What are useful things to remember when going to the gym?
When you join a gym, they will usually offer an induction to give you the guided tour, and give a brief overview of what each piece of equipment does. But there are some things you need to consider when starting out at the gym.
- Use the right equipment: Have in mind what your fitness goal is and use the most suitable equipment to achieve it. Of course, it’s great to use a variety of equipment in your sessions, but you should prioritise using machines which match your fitness goals.
- Ask for help: You might also be eager to use fancy new equipment, but take care if you haven’t used it before. First think, “do I know how to use it?” If you’re not sure how to use something properly, you could cause yourself serious injury. So don’t be afraid to ask for help from gym staff and personal trainers. They can give you advice on what exercises you can do on it, and how your body should be positioned.
- Go to fitness classes: Most gyms offer lots of different fitness classes, from yoga and pilates, to Zumba and circuit training. Classes are great if you’re not totally sure what you should be doing at the gym, as you’ll be in a group of friendly gym-goers with an instructor who will give you a good, fun workout. You’re also more likely to push harder in a class than by working out on your own.
- Don’t forget weight training: Many gym newbies avoid weight training as they don’t want to ‘bulk up’. But weight training isn’t just for those who want to gain muscle. It’s great for toning your body, and preserving a healthy shape rather than making extreme changes. Increasing the strength of your muscles can help protect your joints, and it’ll increase your metabolism, which means you’ll burn fat more easily.
- Eat right: There’s little point working hard at the gym if you’re going home and polishing off last night's pizza. Fitness and nutrition go hand-in-hand, so it’s important to eat a = to give yourself the nutrients you need for the change in activity levels. And you should again have your fitness goals in mind. For example, if you’re wanting to lose weight, opt for lots of fruit and veg, alongside fibre-rich foods which will keep you fuller for longer. And if building muscle is your goal, go for foods which are high in protein, such as eggs, tuna, and lean meat.
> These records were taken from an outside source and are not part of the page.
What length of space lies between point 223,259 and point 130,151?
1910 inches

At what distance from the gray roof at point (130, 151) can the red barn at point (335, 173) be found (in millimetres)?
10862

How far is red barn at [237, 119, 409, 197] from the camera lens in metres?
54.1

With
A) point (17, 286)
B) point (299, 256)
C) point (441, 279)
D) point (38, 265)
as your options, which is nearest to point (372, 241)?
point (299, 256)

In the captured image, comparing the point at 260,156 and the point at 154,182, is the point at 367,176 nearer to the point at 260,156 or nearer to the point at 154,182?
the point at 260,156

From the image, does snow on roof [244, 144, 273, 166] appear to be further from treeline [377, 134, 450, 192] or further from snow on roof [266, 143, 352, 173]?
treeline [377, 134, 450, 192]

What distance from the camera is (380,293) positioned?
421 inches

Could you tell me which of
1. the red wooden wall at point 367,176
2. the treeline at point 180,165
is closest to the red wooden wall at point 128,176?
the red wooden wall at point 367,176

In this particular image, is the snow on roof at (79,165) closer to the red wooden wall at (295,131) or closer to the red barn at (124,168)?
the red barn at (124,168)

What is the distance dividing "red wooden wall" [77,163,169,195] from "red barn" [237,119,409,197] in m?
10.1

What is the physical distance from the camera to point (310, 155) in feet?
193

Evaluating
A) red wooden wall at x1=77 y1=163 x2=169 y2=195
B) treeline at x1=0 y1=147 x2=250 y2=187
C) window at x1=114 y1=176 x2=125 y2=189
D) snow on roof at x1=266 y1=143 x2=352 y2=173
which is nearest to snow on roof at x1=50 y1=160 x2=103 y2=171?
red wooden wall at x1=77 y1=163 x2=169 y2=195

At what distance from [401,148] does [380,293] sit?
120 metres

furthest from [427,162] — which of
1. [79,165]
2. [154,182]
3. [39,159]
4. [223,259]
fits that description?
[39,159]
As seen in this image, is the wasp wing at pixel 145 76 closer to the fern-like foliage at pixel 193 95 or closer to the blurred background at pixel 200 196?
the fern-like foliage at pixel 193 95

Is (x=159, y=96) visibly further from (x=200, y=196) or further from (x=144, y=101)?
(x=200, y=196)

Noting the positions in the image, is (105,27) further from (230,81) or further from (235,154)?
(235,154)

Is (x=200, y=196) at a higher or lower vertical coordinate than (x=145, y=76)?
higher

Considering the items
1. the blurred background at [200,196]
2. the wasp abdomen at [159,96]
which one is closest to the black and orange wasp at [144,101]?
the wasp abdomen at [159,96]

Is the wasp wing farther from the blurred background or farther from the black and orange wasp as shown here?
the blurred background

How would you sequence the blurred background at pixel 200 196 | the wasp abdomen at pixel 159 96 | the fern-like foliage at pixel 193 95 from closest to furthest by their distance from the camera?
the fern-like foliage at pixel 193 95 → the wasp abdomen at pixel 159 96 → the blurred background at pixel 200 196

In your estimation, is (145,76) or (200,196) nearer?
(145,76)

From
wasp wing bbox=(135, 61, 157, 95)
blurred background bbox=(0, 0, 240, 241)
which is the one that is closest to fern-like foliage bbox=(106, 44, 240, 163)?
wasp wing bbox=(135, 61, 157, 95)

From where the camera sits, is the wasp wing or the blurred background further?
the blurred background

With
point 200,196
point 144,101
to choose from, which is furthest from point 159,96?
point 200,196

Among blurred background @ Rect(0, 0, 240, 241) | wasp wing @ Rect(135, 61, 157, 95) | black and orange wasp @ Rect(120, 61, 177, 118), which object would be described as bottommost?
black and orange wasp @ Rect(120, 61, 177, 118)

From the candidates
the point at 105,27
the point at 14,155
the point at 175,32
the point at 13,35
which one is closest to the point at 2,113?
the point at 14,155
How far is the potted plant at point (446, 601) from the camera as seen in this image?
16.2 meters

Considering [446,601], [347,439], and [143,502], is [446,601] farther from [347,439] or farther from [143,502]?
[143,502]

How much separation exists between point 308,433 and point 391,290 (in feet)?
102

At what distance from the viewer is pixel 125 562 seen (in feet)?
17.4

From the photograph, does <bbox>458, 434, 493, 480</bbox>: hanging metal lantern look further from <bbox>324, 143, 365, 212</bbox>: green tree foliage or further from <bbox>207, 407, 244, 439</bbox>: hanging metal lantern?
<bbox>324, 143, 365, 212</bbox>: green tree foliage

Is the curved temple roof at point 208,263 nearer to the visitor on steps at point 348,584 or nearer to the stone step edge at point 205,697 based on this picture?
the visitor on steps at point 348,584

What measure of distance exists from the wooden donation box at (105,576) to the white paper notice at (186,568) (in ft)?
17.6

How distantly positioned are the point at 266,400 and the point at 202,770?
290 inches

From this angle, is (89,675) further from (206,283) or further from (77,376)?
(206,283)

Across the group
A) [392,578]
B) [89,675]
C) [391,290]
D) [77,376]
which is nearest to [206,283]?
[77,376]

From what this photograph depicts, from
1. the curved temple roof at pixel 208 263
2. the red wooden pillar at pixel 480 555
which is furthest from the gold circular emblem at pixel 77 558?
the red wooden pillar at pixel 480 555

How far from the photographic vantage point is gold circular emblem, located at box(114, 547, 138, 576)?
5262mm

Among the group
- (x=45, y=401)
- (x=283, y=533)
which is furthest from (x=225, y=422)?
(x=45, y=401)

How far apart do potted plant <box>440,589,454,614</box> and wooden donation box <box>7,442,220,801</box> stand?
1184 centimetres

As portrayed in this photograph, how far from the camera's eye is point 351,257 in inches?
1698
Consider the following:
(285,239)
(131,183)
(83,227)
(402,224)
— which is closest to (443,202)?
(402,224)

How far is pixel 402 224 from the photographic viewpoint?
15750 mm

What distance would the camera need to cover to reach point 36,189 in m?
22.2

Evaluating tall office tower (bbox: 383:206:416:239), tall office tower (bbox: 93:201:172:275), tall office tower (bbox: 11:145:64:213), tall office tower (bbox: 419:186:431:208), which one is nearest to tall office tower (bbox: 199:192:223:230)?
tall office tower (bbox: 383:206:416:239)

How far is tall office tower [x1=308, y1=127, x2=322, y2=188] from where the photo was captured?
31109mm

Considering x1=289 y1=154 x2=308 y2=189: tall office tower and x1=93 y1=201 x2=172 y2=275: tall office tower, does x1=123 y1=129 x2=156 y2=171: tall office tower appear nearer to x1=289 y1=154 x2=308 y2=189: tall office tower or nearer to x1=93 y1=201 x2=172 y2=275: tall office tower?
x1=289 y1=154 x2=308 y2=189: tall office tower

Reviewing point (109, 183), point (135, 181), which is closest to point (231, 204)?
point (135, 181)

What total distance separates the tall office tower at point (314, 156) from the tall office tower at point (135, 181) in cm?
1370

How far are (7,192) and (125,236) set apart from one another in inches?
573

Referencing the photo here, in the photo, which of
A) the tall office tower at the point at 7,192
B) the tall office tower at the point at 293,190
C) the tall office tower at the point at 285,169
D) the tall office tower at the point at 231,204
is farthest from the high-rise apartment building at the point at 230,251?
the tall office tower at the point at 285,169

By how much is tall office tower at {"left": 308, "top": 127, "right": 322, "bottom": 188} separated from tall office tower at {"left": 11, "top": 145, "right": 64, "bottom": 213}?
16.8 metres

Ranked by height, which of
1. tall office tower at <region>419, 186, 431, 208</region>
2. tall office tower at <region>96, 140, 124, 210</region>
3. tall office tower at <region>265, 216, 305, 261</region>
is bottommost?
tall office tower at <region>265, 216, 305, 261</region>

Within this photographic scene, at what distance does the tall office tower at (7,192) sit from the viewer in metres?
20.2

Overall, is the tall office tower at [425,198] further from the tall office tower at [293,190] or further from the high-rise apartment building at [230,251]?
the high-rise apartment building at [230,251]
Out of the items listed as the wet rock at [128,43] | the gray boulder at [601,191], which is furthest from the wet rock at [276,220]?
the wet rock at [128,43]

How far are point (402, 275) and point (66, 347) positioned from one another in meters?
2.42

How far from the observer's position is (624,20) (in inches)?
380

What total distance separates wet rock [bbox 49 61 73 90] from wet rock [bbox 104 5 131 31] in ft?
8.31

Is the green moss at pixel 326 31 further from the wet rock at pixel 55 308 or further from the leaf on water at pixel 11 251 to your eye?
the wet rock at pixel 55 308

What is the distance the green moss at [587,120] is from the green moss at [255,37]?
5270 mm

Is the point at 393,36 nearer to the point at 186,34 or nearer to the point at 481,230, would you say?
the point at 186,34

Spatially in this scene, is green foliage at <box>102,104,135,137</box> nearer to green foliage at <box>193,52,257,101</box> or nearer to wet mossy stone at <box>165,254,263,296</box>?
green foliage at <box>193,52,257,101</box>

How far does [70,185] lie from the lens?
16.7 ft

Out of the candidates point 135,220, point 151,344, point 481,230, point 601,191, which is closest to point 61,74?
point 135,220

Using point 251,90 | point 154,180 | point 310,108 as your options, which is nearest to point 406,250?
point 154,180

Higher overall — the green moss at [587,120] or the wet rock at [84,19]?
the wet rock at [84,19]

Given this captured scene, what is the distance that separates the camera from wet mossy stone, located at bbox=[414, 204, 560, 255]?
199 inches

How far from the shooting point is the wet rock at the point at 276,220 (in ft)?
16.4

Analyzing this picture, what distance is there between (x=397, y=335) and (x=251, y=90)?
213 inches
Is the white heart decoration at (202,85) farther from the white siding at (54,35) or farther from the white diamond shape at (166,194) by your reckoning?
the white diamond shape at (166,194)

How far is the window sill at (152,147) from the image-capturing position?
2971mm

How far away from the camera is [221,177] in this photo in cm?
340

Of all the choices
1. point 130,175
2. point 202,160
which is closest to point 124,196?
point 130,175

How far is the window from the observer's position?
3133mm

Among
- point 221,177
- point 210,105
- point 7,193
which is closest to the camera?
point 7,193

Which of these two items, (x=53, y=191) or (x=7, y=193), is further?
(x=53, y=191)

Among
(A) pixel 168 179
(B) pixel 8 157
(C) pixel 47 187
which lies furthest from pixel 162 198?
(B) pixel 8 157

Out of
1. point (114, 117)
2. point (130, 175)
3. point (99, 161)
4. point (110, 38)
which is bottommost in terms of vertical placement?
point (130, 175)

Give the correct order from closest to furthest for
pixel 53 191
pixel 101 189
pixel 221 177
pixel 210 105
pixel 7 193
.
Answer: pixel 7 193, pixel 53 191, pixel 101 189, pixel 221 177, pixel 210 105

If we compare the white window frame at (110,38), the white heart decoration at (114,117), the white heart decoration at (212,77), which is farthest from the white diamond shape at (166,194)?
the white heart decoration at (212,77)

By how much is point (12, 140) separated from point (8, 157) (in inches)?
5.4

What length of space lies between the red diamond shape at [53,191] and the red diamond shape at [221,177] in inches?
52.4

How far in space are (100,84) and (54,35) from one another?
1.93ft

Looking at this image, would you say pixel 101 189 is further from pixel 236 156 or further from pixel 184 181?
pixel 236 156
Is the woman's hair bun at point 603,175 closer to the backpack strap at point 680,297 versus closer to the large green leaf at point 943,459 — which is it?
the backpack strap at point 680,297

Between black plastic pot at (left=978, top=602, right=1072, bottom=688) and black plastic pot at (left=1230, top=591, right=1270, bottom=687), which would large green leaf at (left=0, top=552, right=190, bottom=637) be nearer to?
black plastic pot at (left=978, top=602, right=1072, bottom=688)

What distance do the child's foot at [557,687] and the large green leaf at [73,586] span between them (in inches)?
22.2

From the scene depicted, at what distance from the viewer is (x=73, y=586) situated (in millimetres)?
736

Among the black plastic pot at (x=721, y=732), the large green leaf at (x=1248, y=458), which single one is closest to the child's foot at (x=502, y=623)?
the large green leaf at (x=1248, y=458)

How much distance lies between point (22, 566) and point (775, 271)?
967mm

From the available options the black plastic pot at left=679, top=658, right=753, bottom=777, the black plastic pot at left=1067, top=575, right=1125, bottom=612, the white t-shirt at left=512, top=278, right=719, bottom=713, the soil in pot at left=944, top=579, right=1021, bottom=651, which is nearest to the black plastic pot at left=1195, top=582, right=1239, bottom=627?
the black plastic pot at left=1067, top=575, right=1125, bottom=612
- Don’t overdo it: Enjoy going to classes and try out as many as possible, but don’t try and do too much too soon. The gym should be fun, not a chore. Start with a few sessions in your first week, and gradually build on it. Many gyms offer a trial period, so try and make the most of it, but listen to your body. Give yourself a day off if you’re particularly tired or sore from a previous workout, as you’ll need to give your body a chance to repair itself.
- Make new friends: We get so lost in the safe confines of our earphones that we rarely interact with our fellow exercisers. If you go to the gym regularly, you’ll likely see familiar faces, especially if you go a similar time each day. Don’t be afraid to chat to the lady in the changing room, or ask for advice from the guy on the treadmill. Gym-goers are people too, and you might make some new friends along the way.
Which fitness equipment can I use at home?
If you have a busy work, social, and family life, you might wonder how you’re going to fit the gym in too. But fortunately, working out doesn’t have to mean going out. There is plenty you can do at home to get fit, build muscle, or get your waistline in check. You won’t need to shell out for pricey gym memberships, you can exercise when it suits you, and you won’t feel self-conscious in front of other gym buffs. You can really go for it and build your own home gym if you have the space and the money, or just invest in a few simple pieces of equipment to make your workouts more effective, such as; a yoga mat for exercising on, kettlebells or a medicine ball to strengthen muscles, a skipping rope to burn calories, or a pull up bar to work your upper body and core. But there are also lots of exercises you can do with no equipment at all, just using your own bodyweight. In fact, bodyweight training is an efficient way to decrease body fat, increase heart rate, and boost muscular fitness.